I will wait until I know for definite what is happening with my job situation before deciding anything. I am hoping that at some point I will get a 'proper' job with guaranteed hours and weekends off as it would make my life so much easier. I'm just stuck inbetween a rock and a hard place at the moment as everywhere wants 'experience' but no where will give me the chance to get any experience!

I was supporting Luna and Neville and my two chooks on my 10 hours a week before, but it wasn't ideal. I only did it because the bunnies were sort of thrust upon me. But I have always made sure their needs come first. I haven't got the chooks insured (because Viv is an ex-battery hen and they would laugh at me, and even with Tilly, I think chickens come under 'exotics' or something ridiculous so the premiums were silly money) so I have always paid their vet bills and have gone without doing things plenty of times to look after them- their needs come first. I would be getting any new bunnies that I got insured which would help with costs.

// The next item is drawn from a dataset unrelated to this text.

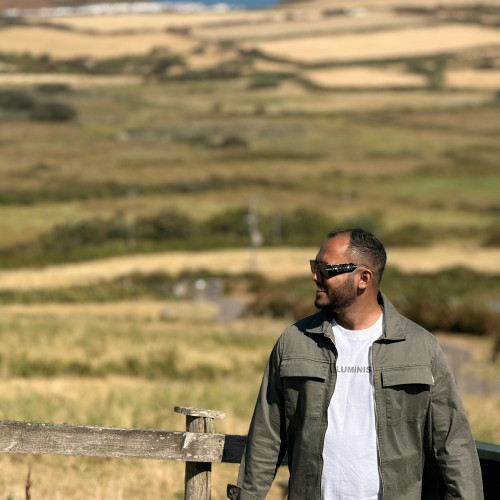 Akib K. profile photo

I think if I wait until I find out where I stand with my new job, then it will be a month and a half and I think I will have more of a clear idea of what to do in my head then. I was filling out the insurance claim form this morning and it stirred up everything all over again. A week and a half is not long at all, but I think people are fed up with me still having moments of being sad so I feel like I should just be okay now. It's this whole attitude of 'it's just a rabbit', which I should be used to because people just cannot comprehend how upset I get when I lose a chicken. But they are all members of my family and I love them all equally.

Sorry for another lengthy post- I didn't mean to give half my life story!
 
Last edited:
Yep, I know where you're coming from with the "just a rabbit" and "aren't you over it yet?" I was even told by someone that seeing as I had Slipper, I should forget Dexy. This wasn't even a month later! The only place I can talk about him is on here, at least here we know how you're feeling and aren't going to tell you to "get over it". I don't think it matters, if you love something, you love it regardless of it being a person, bunny or even a fish! I've thought many times I'd happily swap a few people I know for Dexter.

You sound like a lovely person who always puts her animals first and that's commendable in this day and age! When the time is right, any bunny will be lucky to be with you.
 
Yep, I know where you're coming from with the "just a rabbit" and "aren't you over it yet?" I was even told by someone that seeing as I had Slipper, I should forget Dexy. This wasn't even a month later! The only place I can talk about him is on here, at least here we know how you're feeling and aren't going to tell you to "get over it". I don't think it matters, if you love something, you love it regardless of it being a person, bunny or even a fish! I've thought many times I'd happily swap a few people I know for Dexter.

You sound like a lovely person who always puts her animals first and that's commendable in this day and age! When the time is right, any bunny will be lucky to be with you.

Thank you. It is nice to know that I'm not alone in all this. My flat mate at uni had fish that became my fish as she didn't look after them properly. When one of them died I got really upset and she laughed at me :( I always think that it doesn't matter what sort of animal it is, the point is that if you loved it and cared for it then you have every right to be upset.